My research is focused on the spatiality of meaning in information architecture. I think of what I do as part of the broader “spatial turn” in contemporary scholarship toward an acknowledgment of the role of geography, situatedness, and emplacement in all kinds of human enterprise.
Regrettably, when access to the particular place (the North Campus quadrangle) and to the particular shared experience (daily lunchtime performances of the carillon) I’d designed the course around was rendered impossible on account of lockdown, the structural integrity of my plan for the term was undermined in ways I was not creative enough to fix in real time.
It simply hadn’t occurred to me that “betting the farm” (as it were) on embodied access to places on the U-M campus and to its built environments could be so risky.
The license for the many risks I take in my work on the spatiality of meaning—to go beyond analogy in my consideration of the relevance of places and spaces in the built environment to architectures of information—is the license of a fellow of the American Institute of Architects.
Richard Saul Wurman (FAIA) is better known today as inventor of the TED conference than as an architect, but in 1976 while serving as chairman of the AIA national convention, RSW coined and then minted the term information architecture. He curated the convention’s talks and workshops in the mode of provocateur, exhibiting an expansive vision of the role that information can play as a modality for architecting.
In her monograph tracing the history of architectural thinking within the development of the field of interaction design, Molly Wright Steenson credits Wurman for "claiming space through the structuring of information—finding the form in information."
Wurman's work asks the question:
how does the situatedness of information affect meaning?

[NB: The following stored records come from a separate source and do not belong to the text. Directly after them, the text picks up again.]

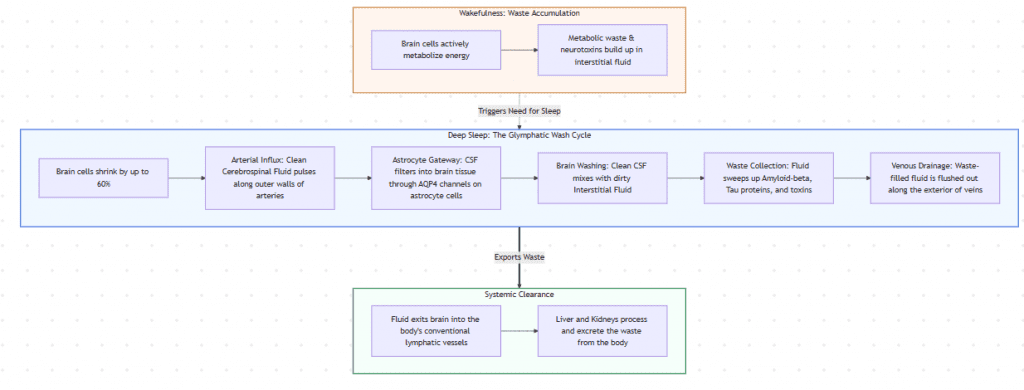 Diagram of the brain's glymphatic system showing cerebrospinal fluid flushing neurotoxins during sleep.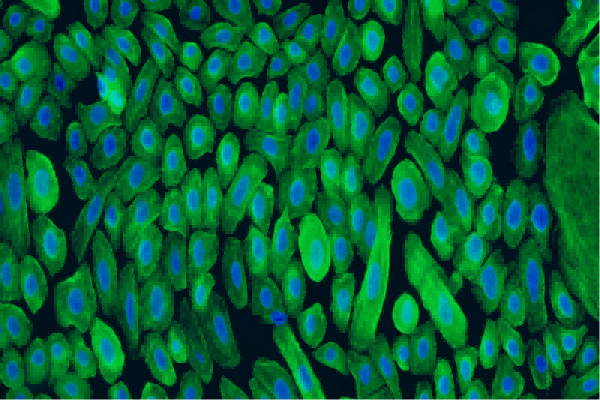 Unlocking the Power of Primary Cells: Advancements and Applications in Modern Research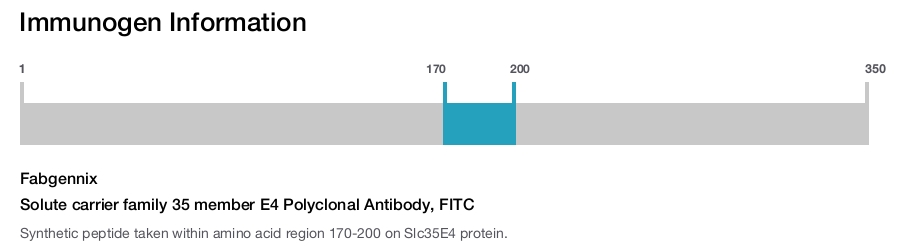 Solute carrier family 35 member E4 Polyclonal Antibody, FITC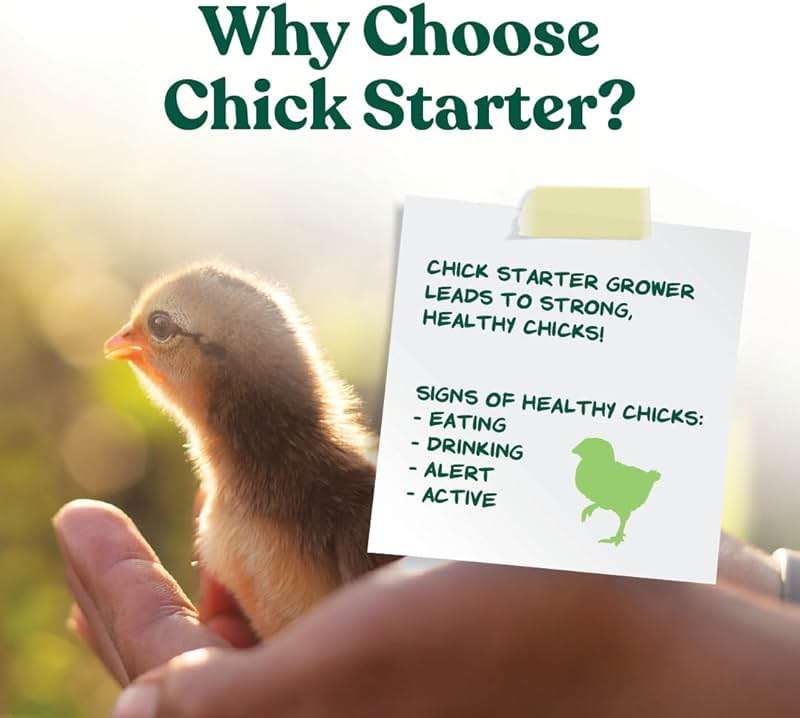Manna Pro Medicated Chick Starter Grower Feed, Dried High Protein Chicken Food Crumbles with Amprolium for Coccidiosis Prevention, Complete Chicken Feed for Baby Chicks, 5 lb Bag - Image 3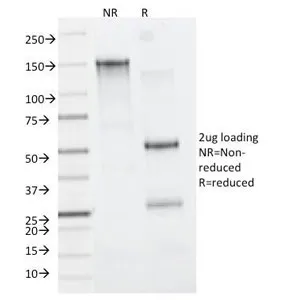 CD11b Antibody / MAC-1 - image 1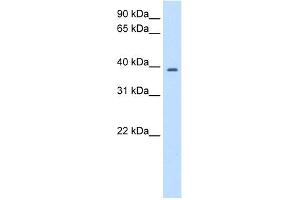 WB Suggested Anti-PSMD6 Antibody Titration:  2. (PSMD6 Antikörper  (N-Term))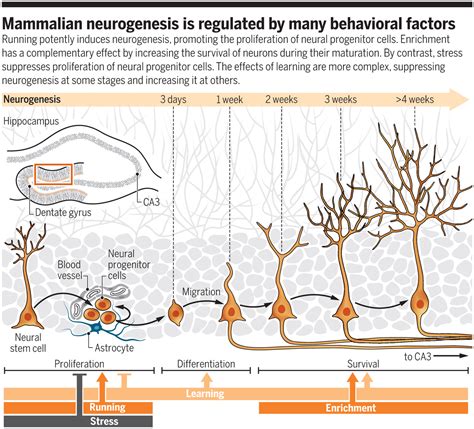 Adult Neurogenesis Factors Bright Brain Londons Eeg Neurofeedback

And even while architects and urban designers largely ignored and then forgot him in the months and years following his 1976 Architecture of Information convention, Wurman continued investigating the role of spatial arrangement in making information understandable unabated.
Since 2005, the principles and practices I've been most interested in learning with my students at the University of Michigan School of Information have been based in the questions that Wurman's work asks; in questions about how the situatedness of information affects meaning, and the intelligibility of experiences.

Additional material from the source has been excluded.